Louisiana is the most expensive state for car insurance with average auto insurance premium of $2,883 annually. Maine's average insurance premium for full coverage is $1,175 annually, making this the cheapest state for car insurance in 2024.

Is State Farm leaving Florida? ›

Gov. Ron DeSantis' office confirmed that State Farm Insurance plans to continue its presence in the Florida insurance marketplace after Farmers Insurance declared plans to leave the state. Gov.

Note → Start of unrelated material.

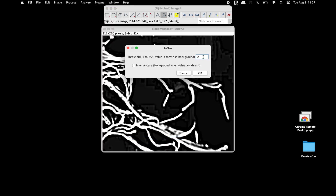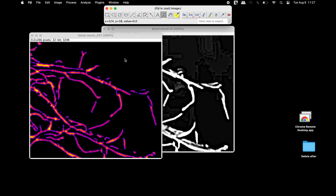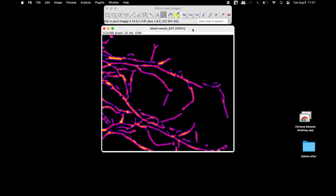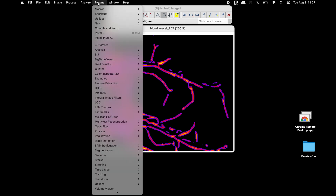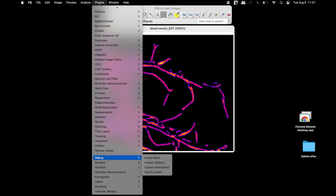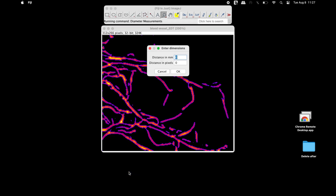Change the threshold — for instance, to 255 — and then click OK. The background noise now appears to be excluded. To measure the diameter, click on Plugins and scroll down to find diameter measurements. In the Enter Dimensions window, enter the distance in pixels, which equals the width of the image — 312 pixels. Next, input the distance in millimeters.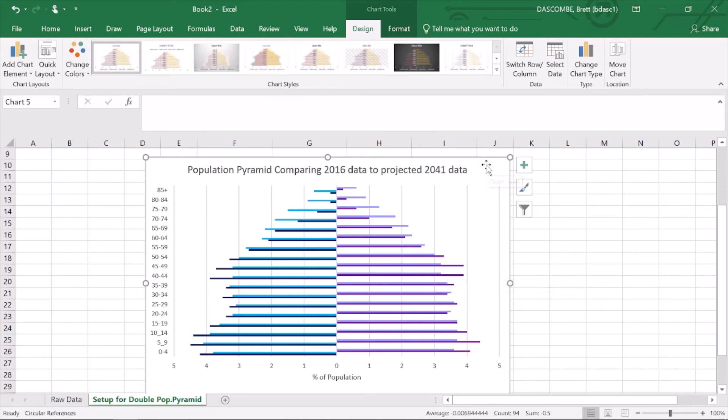You could do individual population pyramids and set them beside each other. You could do that and do swipe maps in story map. There's all sorts of different formats that you could use to do that, but this is just a double population pyramid, easy to do and very effective for your IA3. Thanks for listening, talk to you next time.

Which state has the highest percentage of homeowners? ›

In the rolling mountains, hills and valleys of Appalachia, you'll find the state with the highest percentage of homes occupied by their owners: West Virginia. The Mountain State has the highest homeownership rate in the entire country, at 74.5 percent, according to the latest Census Bureau data.

Who is the number 1 home insurance company in America? ›

State Farm is the largest home and auto insurance company in North America, capturing 17.79 percent of the home market and 18.31 percent of auto.

What states have the most homeowners insurance claims? ›

California, Florida, and Texas take the top spots as the states with the most home insurance losses between 2015 and 2019 — not surprising given the natural disasters these states are prone to.